On 6/26/07, ITAGAKI Takahiro <[EMAIL PROTECTED]> wrote:
Hi, I'm testing HOT patches, applying to CVS HEAD.
Thanks a lot for your tests. I am posting a revised patch on -patches. Please use that for further testing. In the last few days, many people have reviewed the patch including Simon, Heikki, Greg and Korry. I shall post a separate mail summarizing the changes since the last revision.
- MVCC-safe CLUSTER When I clustered a table with HOT-updated tuples, I saw the following error message. The HOT patch latest posted does not support MVCC-safe CLUSTER. | ERROR: unexpected HeapTupleSatisfiesVacuum result
Yes, this is a known issue. Heikki had posted a patch to resolve this conflict. - Number of unremovable tuples reported by VACUUM VERBOSE
HOT-updated tuples (HEAPTUPLE_DEAD_CHAIN) are counted as "keeped" and VACUUM VERBOSE prints them as "cannot be removed yet". However, we can actually remove them. We can reuse the data space of HOT-updated tuples, but need to keep their item pointers. We'd better to show them as two different messages -- for example, unremovable tuples and unreusable item pointers.

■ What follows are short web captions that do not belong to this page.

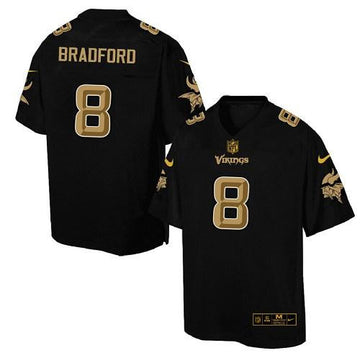 Sam Bradford Minnesota Vikings black Pro Line jersey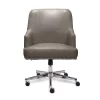 Leighton Gray Memory Foam Bonded Leather Office Chair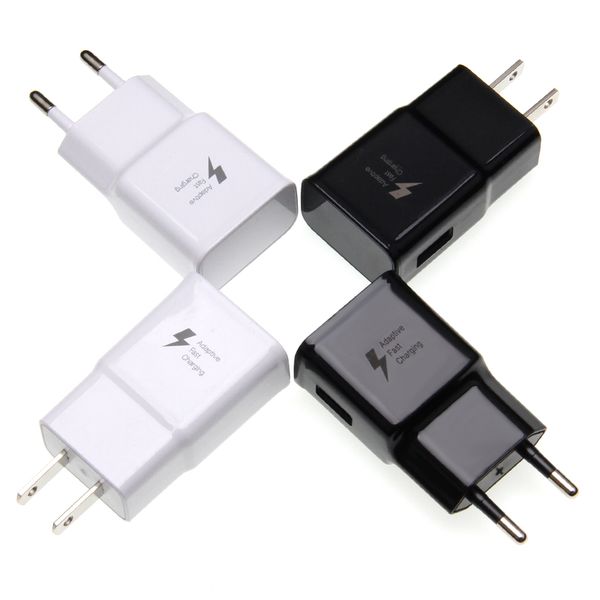

really quick charger adaptive for samsung galaxy s6 s7 s8 fast charger 5v/2a 9v/1.67a quick charge 2.0 eu us plug for samsung s6 s7 s8 note4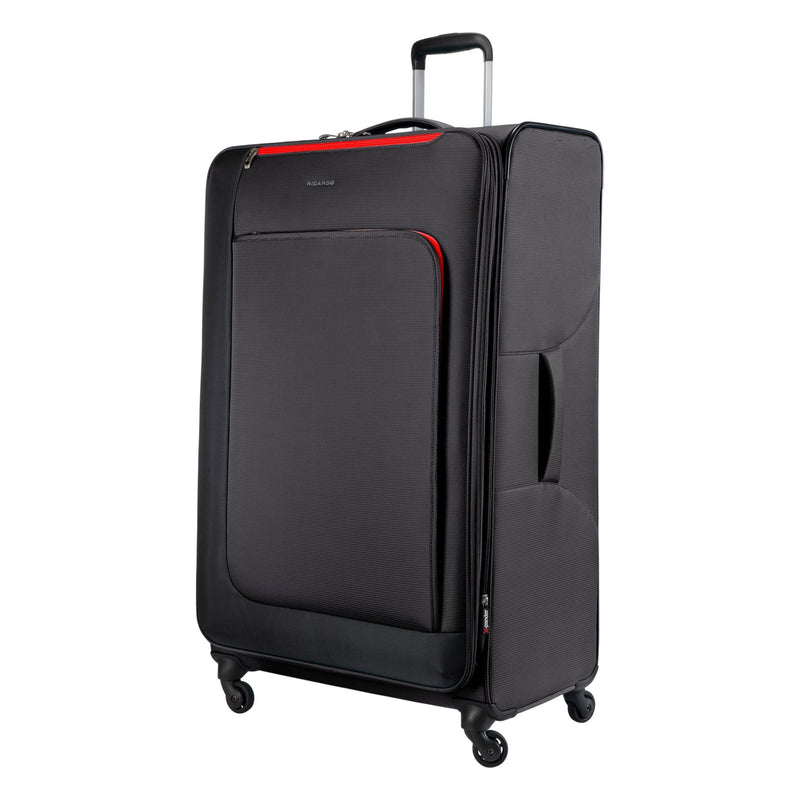Ricardo Beverly Hills Belvista Bel Vista Softside Expandable Spinner 32" Large Check-In Black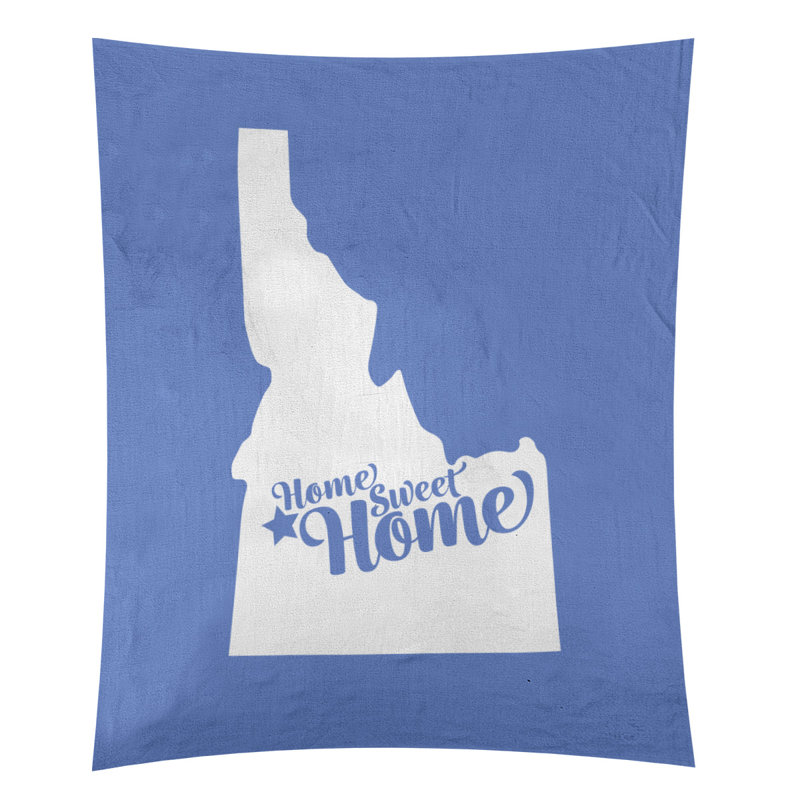 Tapisserie Home Sweet Boise, H 104 po x l 88 po, Bleu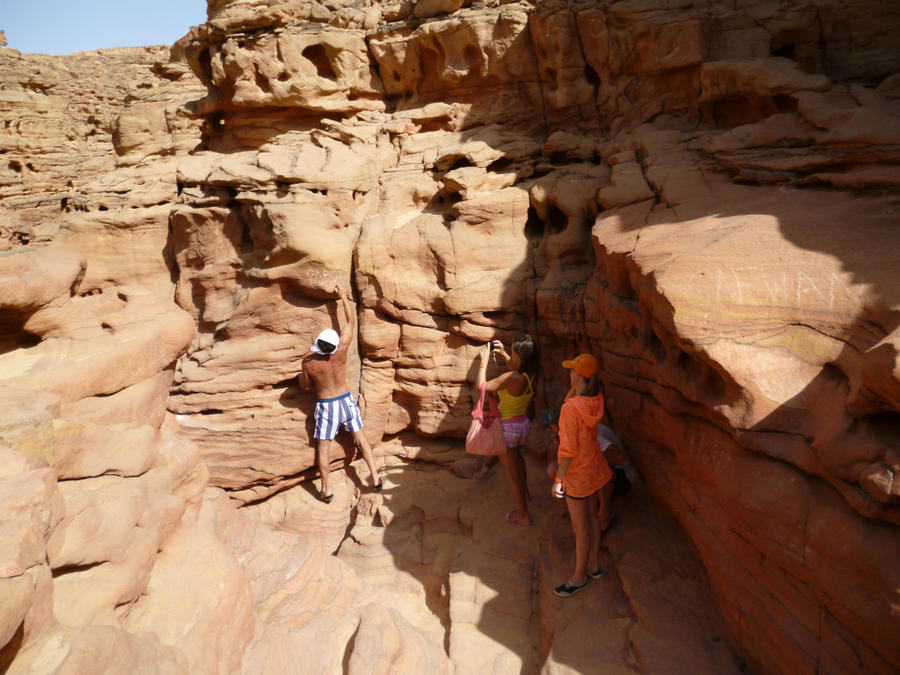 Цветной каньон под Нувейбой (окончание) Цветной Каньон (Синай), Египет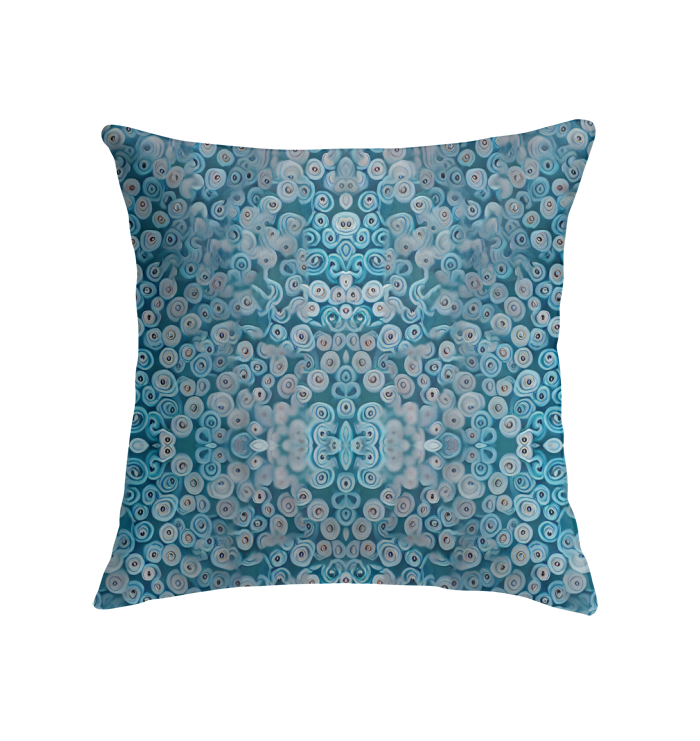 Artistic indoor pillow with Kirigami Art Deco pattern.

We can not remove a HEAPTUPLE_DEAD_CHAIN tuple because even if it is dead, its might be the only way to reach to the live tuple at the end of the chain. Chain pruning logic would ensure that we remove most of such tuples before running vacuum on the page, but few might still be left. We can not reuse the data space just yet because then we loose the xmax/xmin check. Also with several redirecting line pointers, the HOT chain becomes very complex and unmanageable. There are in fact quite a few scenarios here: 1. A dead tuple which is part of a HOT chain can not be removed 2. A dead tuple which is marked LP_DELETE is removed and reported as "removable" 3. A redirect-dead line pointer is removed and reported as "removable" In case 3, no real tuple is being removed. The tuple might have been already reused or vacuumed. So it could be slight misleading. Another problem with the current reporting is that if the original dead tuple is tracked with a separate lp-deleted line pointer and the original root offset is redirect-dead then it might be reported twice as "removable". Once for lp-deleted tuple and again for the redirect-dead line pointer. May be we should report the the redirect-dead offsets as "removable redirected offsets" and not count them in "removable" tuples ? - ANALYZE and statistics of dead rows
Since redirected or redirect-dead item pointers are counted as "dead rows", we overestimates the number of dead rows. It confuses statistics and ill-affects to autovacuums; If autovacuum does ANALYZE, the number of dead tuples looks suddenly increased and it triggers unnecessary VACUUMs by the next autovacuum.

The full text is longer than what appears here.